Every day Poets & Writers Magazine scans the headlines—publishing reports, literary dispatches, academic announcements, and more—for all the news that creative writers need to know. Here are today’s stories.
Hachette Book Group announced on Friday that it no longer plans to publish Woody Allen’s autobiography, Apropos of Nothing. The acquisition, which was first announced on Monday, March 2, has been met with sharp criticism from across the industry, with many acknowledging that Dylan Farrow, Allen’s adopted daughter, has long alleged Allen abused her as a child. In the days before Hachette dropped the contract and returned all rights to Allen, Ronan Farrow, who published Catch and Kill: Lies, Spies, and a Conspiracy to Protect Predators with Little, Brown last year, said he would cut ties with the company to express solidarity with his sister. Hachette employees in both New York City and Boston also staged walkouts to protest the acquisition. (New York Times)

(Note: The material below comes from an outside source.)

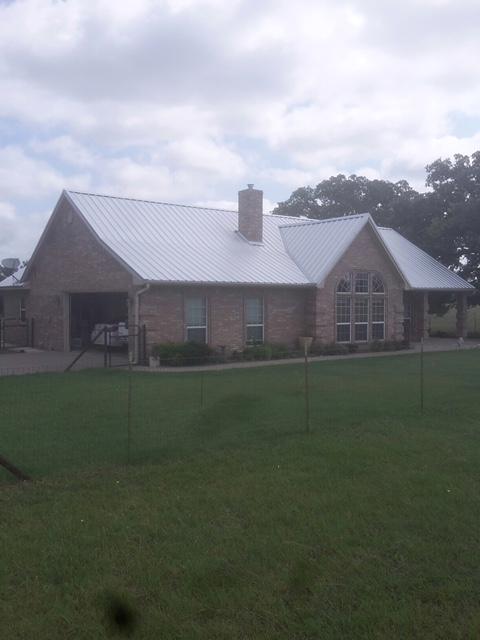 Brick house with a metal roof on a grassy field under a cloudy sky.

“Our denial is so thick about the world we’ve actually made, and we’re pointing at it like someone else did it.” Lidia Yuknavitch urges setting aside fear, looking closely at reality, and committing to “de-hierarchizing existence.” (Lambda Literary)
Zoë Ruiz talks to Viet Thanh Nguyen and his six-year-old son, Ellison Nguyen, about working together to write Chicken of the Sea. She also catches up with the illustrators, Thi Bui and her teenage son, Hien Bui-Stafford, about bringing the narrative to life in color. (Millions)
“People are complicated, people are conflicted all the time about stuff they say and do and feel. I want to see more of that on the page, especially when it comes to Black characters.” Brandon Taylor talks to the Guardian about his debut novel, Real Life, and attempting to capture the “fully human” in his art.
Kristin Iversen celebrates influential women in publishing from “behind-the-scenes publicity powerhouses to the biggest authors to prominent critics to podcast hosts to, you know, supermodels.” (Refinery29)
Matthew Klam discusses writing “Adina, Astrid, Chipewee, Jasmine,” a story about a couple’s experience with premature childbirth. (New Yorker)
Clarissa Goenawan, the author of The Perfect World of Miwako Sumida, recommends contemporary novels by Japanese women writers. (Electric Literature)
The Cut profiles the Assouline family, the “librarians of luxury” who publish art books in partnership with the world’s most elite corporations.